1.4 Ensure that operation requires minimal strength, grip and wrist twisting
Using the terminal may require a number of physical operations - pressing buttons or keys, turning knobs or other moving parts, inputting cards or other items and retrieving cards, tickets or other outputs. All these operations should be possible with minimal grip, pushing and pulling strength or twisting of the wrist.
Many, particularly older, users have greatly reduced strength due to degenerative conditions that affect muscle power or restrict movements of the joints in the fingers, hands and wrists. Most operations on a terminal require finger or hand movements. If the controls are too stiff, the slots too narrow or the machine's grip on items too tight, some users may not have the strength to overcome this and will be unable to use the terminal.
Directions and Techniques
Favour pressing, but with modest force
As far as possible, avoid using controls that have to be gripped and turned rather than pressed. Allow for a maximum pressing force of 5lbf.

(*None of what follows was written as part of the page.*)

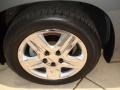 Dark Gray Metallic - HHR LT Photo No. 41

Don't grip outputs too tightly
Ensure that the machine's grip on outputs such as money, tickets, receipts and returned cards is no more than is necessary to prevent them being pulled out by the wind or other environmental conditions.
Make tearing easy
If tickets are delivered using perforated paper rolls, make sure the perforations are easily broken by a tugging motion.
How you could check for this:
Test with real users
To test for this, you should have a prototype used in a realistic situation by real people, particularly older people.